La tarde se había ido espesando, poco a poco, removida en la cazuela de Las Ventas por el cucharón de la protesta contra los toros de José Luis Pereda, un lote con poca chicha y mucha leña, en el que no faltaron a la cita nuestros amigos los cinqueños. Ayer, otros tres a la palestra. En puridad, solo pareció verdaderamente inútil para la lidia el primero, un morcillón, que iba y venía con gesto cansino tras las telas de torear, para acá y para allá, distraído, como si la cosa no fuera con él. Morenito de Aranda lo toreó de capa sin convicción y de muleta con monotonía exasperante, entre el malhumor del público. El toro, con la cara por arriba, el torero con la moral por los suelos. Media estocada habilidosa acabó con el quiero y no puedo de ambos. Mal empezamos.
El moreno de Aranda se fue a las proximidades de la puerta de chiqueros a esperar al cuarto, genuflexo y aparentemente tranquilo. Ahora bien, para tranquilidad la del toro, un bigardo castaño ojinegro, con dos trancos por pitones, que parecía arrancado de los esparragales de Zahariche. Parecía un miura. La escena es la siguiente: el torero, de rodillas, con la capa extendida ante sí y sobre la arena, aguardando cualquier indicio de por dónde le daría el cambio a su embestida. ¿Qué embestida? El de Pereda olisqueó la raya de cal, se paró ante el osado retador y luego, como en el soneto de Cervantes, miró al soslayo, fuese y no hubo nada. Vamos, que salió de naja, despreciando al arrogante arandino. A este toro también le protestaron. Realmente, si no yerro, los cinco primeros toros fueron, más o menos, protestados. Nos sería por los pitones, todos de notables dimensiones. Quiero creer que sería por lo vareado de sus carnes… o por la tablilla del peso (algunos pesaban “poco”, poco más de 500 kilos). La verdad es que el toro, aún manifestando alguna flaqueza, cumplió en varas y se empleó bravamente en la muleta, permitiendo a Morenito ofrecer algunas fases especialmente lucidas, sobre todo una en redondo con la derecha que tuvo, temple, mando, hondura y ligazón. Después de un final de torero empaque montó la espada y dejó medio espadazo que el toro apenas acusó, por lo que decidió entrar de nuevo, colocando un bajonazo de tomo y lomo. Y eso afeó la cosa y enfrió el ánimo de los espectadores. Aviso al canto, pero también abundantes aplausos.

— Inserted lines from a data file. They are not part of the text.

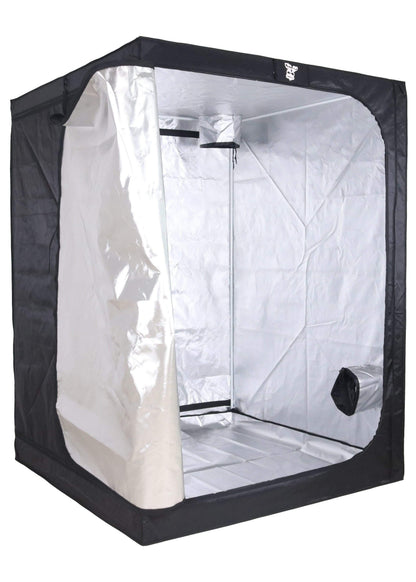 GorillaBox White Grow Tent 150 x 150 x 200cm — Default Title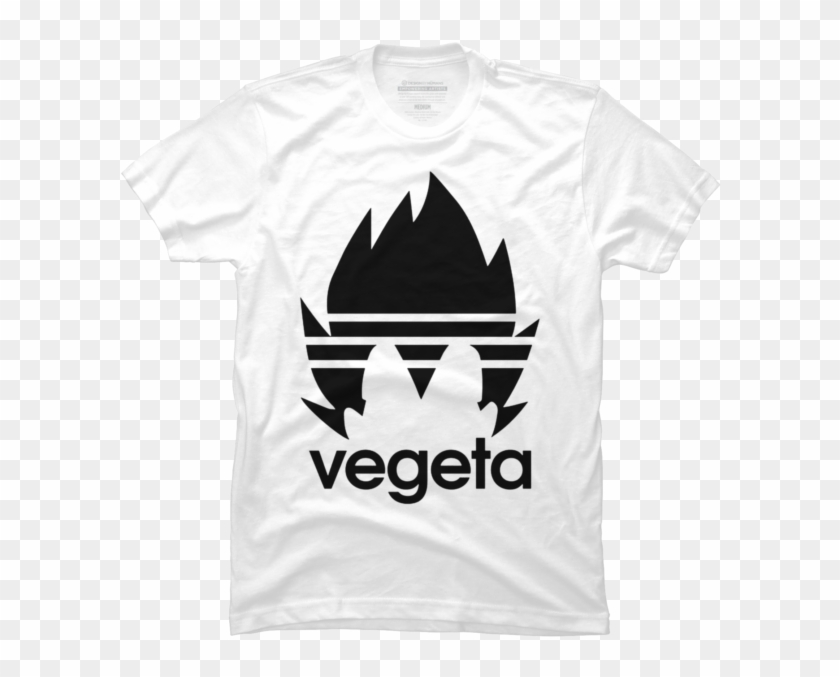 Vegeta $25 - Tee Shirt Vegeta Clipart #4737990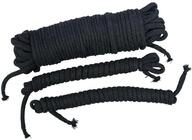 Bad Kitty Exotic Wear Bondage Seile schwarz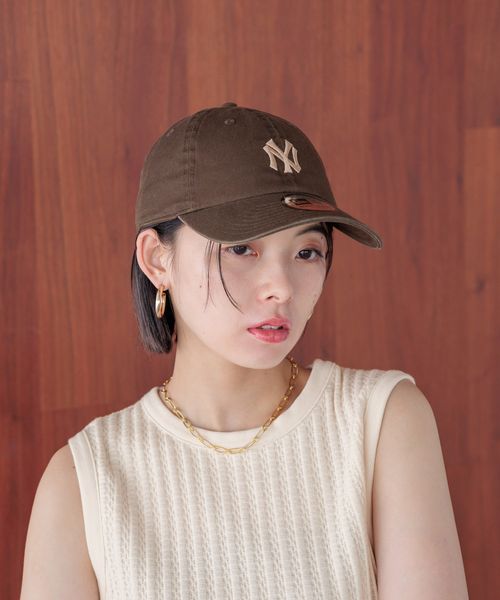 BAYFLOW 【NEW ERA(ニューエラ)】別注STRAP LOGO CC(WOMENS) ライトベージュ FREE ウィメンズグッズ ベイフロー 494880 and ST アンドエスティ(旧ドットエスティ) BAYFLOW 【NEW ERA(ニューエラ)】別注STRAP LOGO CC(WOMENS) ライトベージュ FREE ウィメンズグッズ ベイフロー 494880 and ST アンドエスティ(旧ドットエスティ)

Iván Fandiño también sufrió las invectivas del público hacia el ganado. El primer toro de su lote, segundo de la corrida, fue duramente protestado, a pesar de lo cual el de Pereda se arrancó al caballo de picar como una bala y por dos veces, apretando de firme bajo el peto. Quitó la razón a quienes creyeron ver cierta flojedad, porque el toro no se cayó durante la faena ni una sola vez. Fandiño se esforzó por abstraerse del enfado de una parte del público y estuvo valiente, en una faena de muleta en la que sobresalieron las bernadinas finales… y poco más. Media estocada y descabello. Ovación para el torero.
El quinto se protestó menos y, ciertamente, fue el menos toro de toda la corrida. En cambio ofreció un carácter arisco, de toro encastado a la defensiva, tirando hachazos a todo lo que se movía, torero incluido. Iván lo recibió con una larga afarolada a porta gayola que le salió limpia y expresiva, y trató de encarrillar su indócil acometida. Esfuerzo baldío. Era toro de hule, como decían los antiguos. O, mejor, por la cosa de los hachazos, un toro-aizkolari. De esto sabe mucho Iván Fandiño, que para eso nació en Orduña. Daba no sé qué ver al torero vasco contonearse delante del de Pereda, ante la artera mirada del animal, lo mató de una estocada desprendida y parte del público le premió con aplausos.
Ya hemos descrito el momento cumbre de la tarde: el de le ejecución del volapié como modelo de la suerte suprema de la lidia. Y su autor: Gonzalo Caballero. Merece la pena, también, resaltar su valor sereno y su capacidad para hacer oídos sordos de la matraca que suele escucharse en este Plaza cuando el torero no sigue las “instrucciones” del profesorado que se sienta en el tendido… y que no suele ser entendido en la materia. La culpa de esto la tiene el toro, no el torero. Si el toro repitiera las embestidas sin solución de continuidad y no se parara unos segundos entre pase y pase, verán como nadie rectificaba posturas y alineaciones. Su primer toro, tercero de la tarde, fue de los serios de verdad, con trapío, que cumplió en varas y al que se arrimó Gonzalo de veras, sin tapujos, centradito y valiente, a pesar de que el animal hacía amagos con rajarse. Después, eso sí, vino lo del volapié, y la Plaza se volvió del revés, estallando en una encendida y unánime ovación.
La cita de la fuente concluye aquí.